Anyone with a complete picture of their project is working on a toy. Leave college and you might find the world doesn't work the way you want.
If one uses Strongly Typed Languages, one gets fewer Strongly Typed Language errors; only.
Yes. And?
Catching type errors during compile is worlds better than finding at runtime, perhaps by an end user. Does it prevent logic errors, or memory leaks, or failure to sanitize inputs, or race conditions? No. It doesn't. So what?
If one uses a thermometer to check the temperature of cooked meat, one only reduces one type of infection vector. Are you suggesting the use of thermometers to check cooked meat isn't a good idea, because it won't prevent malaria or syphilis? Because that is how ridiculous your argument is.
I normally try to avoid personal attacks, but you, sir, are an idiot bitch.
The number of times I've fixed a god damn typo in a variable name made by someone who refused to stop coding in vim like it's the god damn dark ages is well beyond what I can count on my fingers, even in binary.
And if the language had been strongly typed, the code never would have been able to build on the first place. But it did. And it silently failed for years.
Terrible programmers always think they're the best and don't need help. Grow the fuck up and realize you need all the help you can get, same as everyone else.
Thats still weakly typed, just a different kind of weak. Strongly types is when you fail; "a" . 1 would throw an exception and say "i dont know how I can possibly proceed" if it was strongly typed.
Strong typing vs weak is a minor detail anyway; the real meat is dynamic vs static.
No they take slightly less time to get kind of working code- and significantly more time fixing the bugs in it and significantly more time in maintenance to understand what those bugs are and what data an algorithm is working on.
I still have more fans than freaks. WTF is wrong with you people?
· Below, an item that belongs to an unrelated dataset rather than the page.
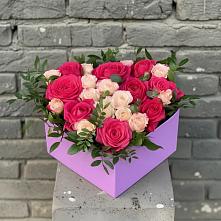 Цветочная композиция из Розы в коробке в Берёзовской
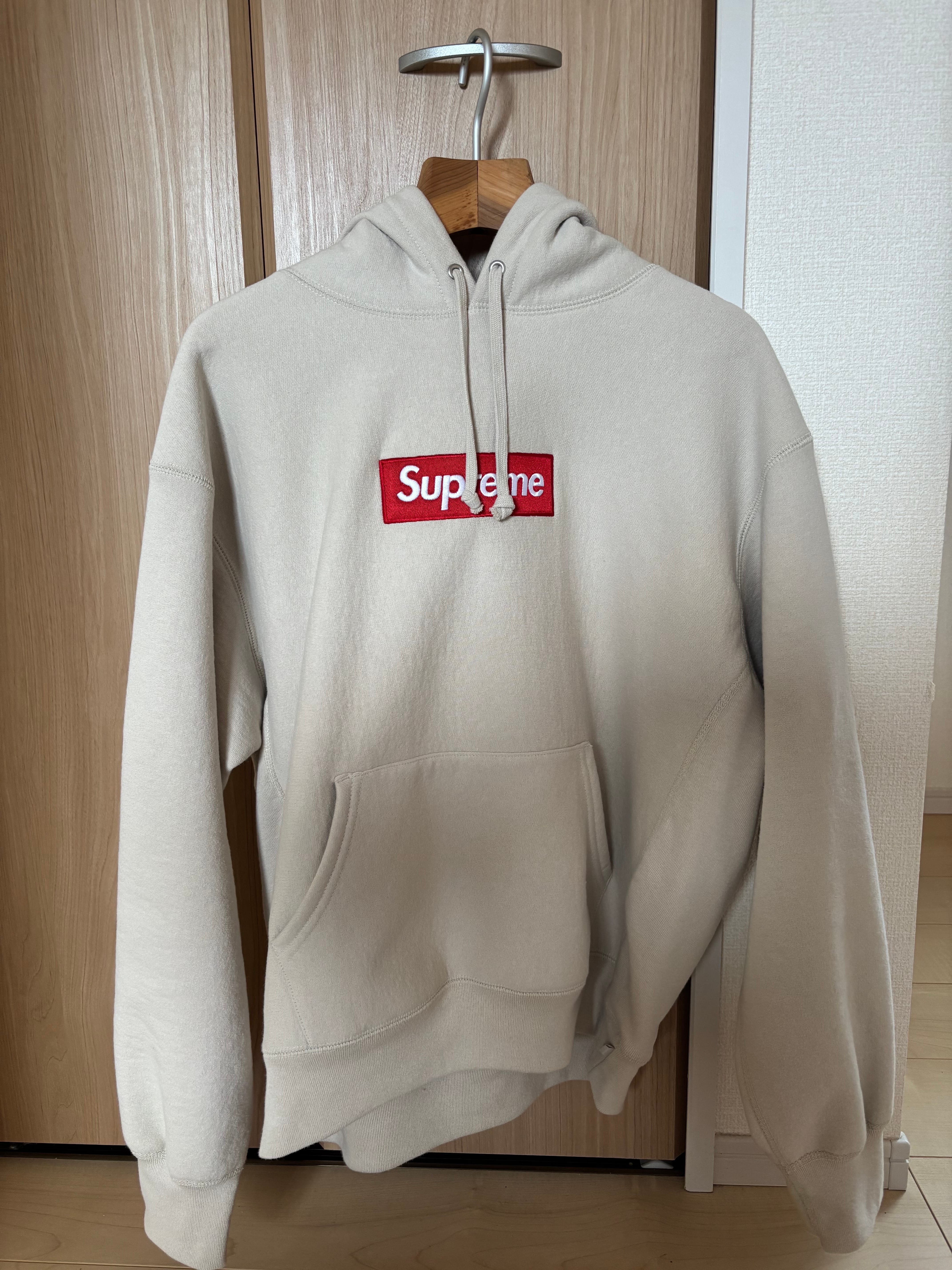 Supreme Box Logo Hooded Sweatshirt "Stone" (24FW)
This is where you're wrong. The complexity exists, regardless of the language. Type exists, whether your language is loosely or strongly typed. In one you just ignore it, which causes a class of errors. In the other you get free error checking. Pretending that complexity doesn't exist saves you no time, and causes errors. It's a net loss.
I still have more fans than freaks. WTF is wrong with you people?
One of my assignments at Apple was cleaning up a framework that had thirty or more coders over the previous ten years. The first time I ran it through the static analyzer, there were over six hundred issues identified. I tracked down and fixed all of them over the next couple of months in the process of cleaning up the code to build under LLVM and pass the App Store rules.
Most of the easier cases were things like parameters of the wrong type being passed to methods, which caused no problem at runtime and hadn't been spotted before for that reason. The more difficult ones were mistakes in memory handling, and in a lot of cases, I found myself saying "holy shit, GCC lets you do THAT?"
Comparing Obj-C to Swift, I would say that easily 90% or more of those bugs can't be written in Swift at all unless you resort to the UnsafeMutablePointer types, which put it right in your face that you're doing something dicey.
I was a huge fan of loose coupling for all the years I was an Obj-c developer, but today I spend almost no time in LLDB, since almost all of the mistakes I make writing Swift are caught at compile time.
-jcr
The only title of honor that a tyrant can grant is "Enemy of the State."